> Problem details: Would you please copy only the lines from the line that contains "S14 Ormolu and silvered-bronze mantle clock" to the end of the data below, exactly, leaving every picture out?

(Extracted data entries)
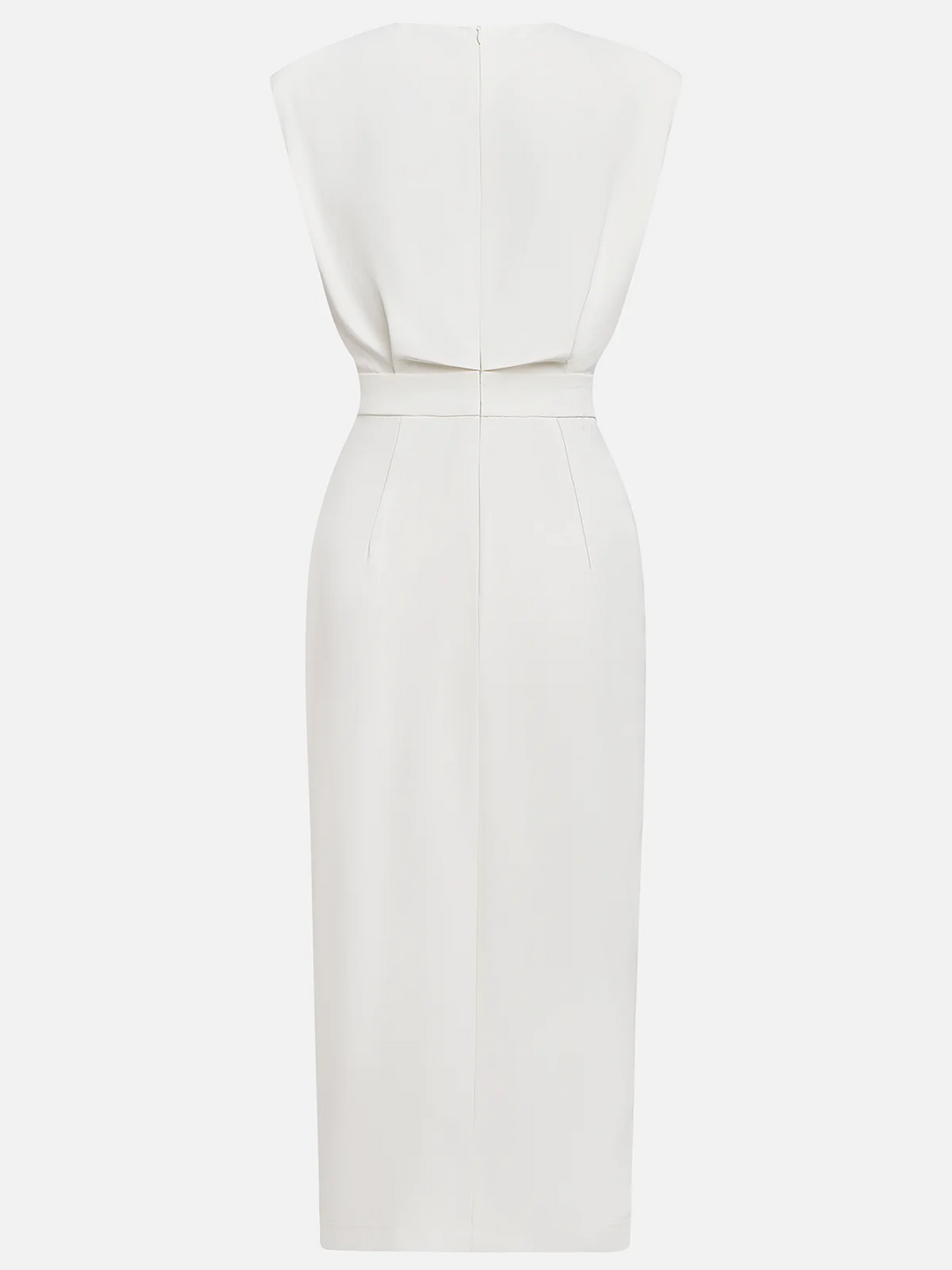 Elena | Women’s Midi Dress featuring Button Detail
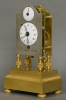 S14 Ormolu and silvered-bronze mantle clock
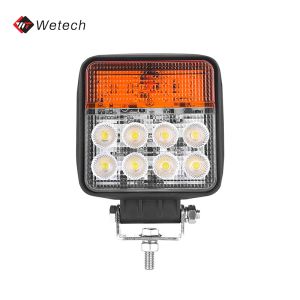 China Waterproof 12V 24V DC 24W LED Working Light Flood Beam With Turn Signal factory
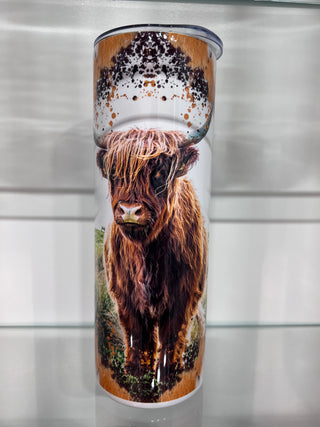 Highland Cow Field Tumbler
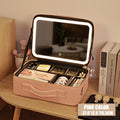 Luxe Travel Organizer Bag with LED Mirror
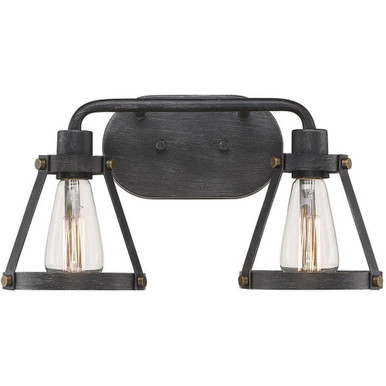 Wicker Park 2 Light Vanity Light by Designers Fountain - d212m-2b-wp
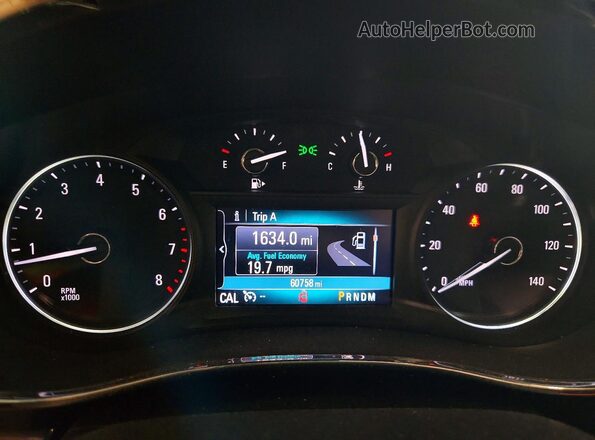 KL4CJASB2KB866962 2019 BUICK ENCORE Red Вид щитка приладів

> The completed task:
 S14 Ormolu and silvered-bronze mantle clock
 China Waterproof 12V 24V DC 24W LED Working Light Flood Beam With Turn Signal factory
 Highland Cow Field Tumbler
 Luxe Travel Organizer Bag with LED Mirror
 Wicker Park 2 Light Vanity Light by Designers Fountain - d212m-2b-wp
 KL4CJASB2KB866962 2019 BUICK ENCORE Red Вид щитка приладів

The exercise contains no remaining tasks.